Rabu, 14 Mei 2008

NETANYAHU JADIKAN AL-KHALIL SEBAGAI PEMISAH ARAB-ISRAEL

Oleh Chaidar Abdullah

Jakarta, 18/10 (ANTARA) - Sikap tak kenal kompromi perdana menteri garis keras berhaluan kanan Israel benar-benar membuat Al-Khalil, tempat makam para nabi, menjadi garis pemisah antara Palestina dan Israel kendati upaya penyelesaian terus diluncurkan.

Sampai hari Jumat (18/10), perundingan guna mewujudkan pengaturan kembali tentara Israel di Al-Khalil terus berlangsung tapi kegagalan dan kekecewaan tetap menghadang pihak Palestina.

Pasalnya ialah Perdana Menteri Israel Benjamin Netanyahu tetap menghendaki perubahan dalam persetujuan pengaturan tentara Yahudi guna melindungi sebanyak 400 pemukim Yahudi di antara sekitar 120.000 orang Palestina di kota Tepi Barat Sungai Jordania tersebut.

Berdasarkan persetujuan otonomi Palestina 1995, Israel harus menarik tentaranya dari 80 persen wilayah Al-Khalil bulan Maret tahun ini tapi ditunda pemerintah terdahulu Israel di bawah bekas perdana menteri Shimon Peres setelah terjadi gelombang serangan bom bunuh diri di Israel.

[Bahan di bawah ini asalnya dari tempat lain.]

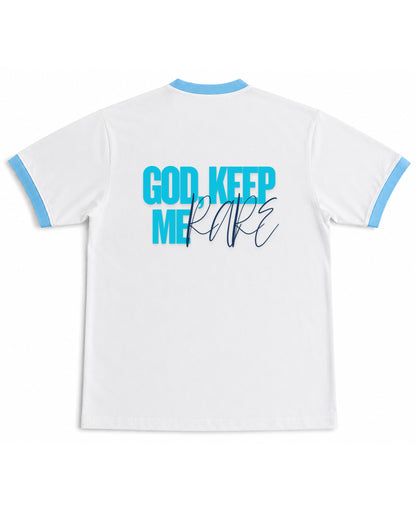White & Sky Blue Ringer tee Back Design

Penundaan itu berlanjut sampai Netanyahu menjadi perdana menteri Israel bulan Juni dan sampai sekarang pengaturan tentara Israel tak kunjung terwujud.

Kantor berita Reuter melaporkan, hari Rabu (16/10) Presiden Palestina Yasser Arafat dengan geram menampik rencana baru Israel untuk membagi Al-Khalil menjadi wilayah-wilayah Arab dan Israel.

Di Kairo Arafat diberitakan melempar kertas berisi rencana Israel tersebut ke udara dan menggambarkannya lebih rasisme dibandingkan dengan praktek apartheid di Afrika Selatan.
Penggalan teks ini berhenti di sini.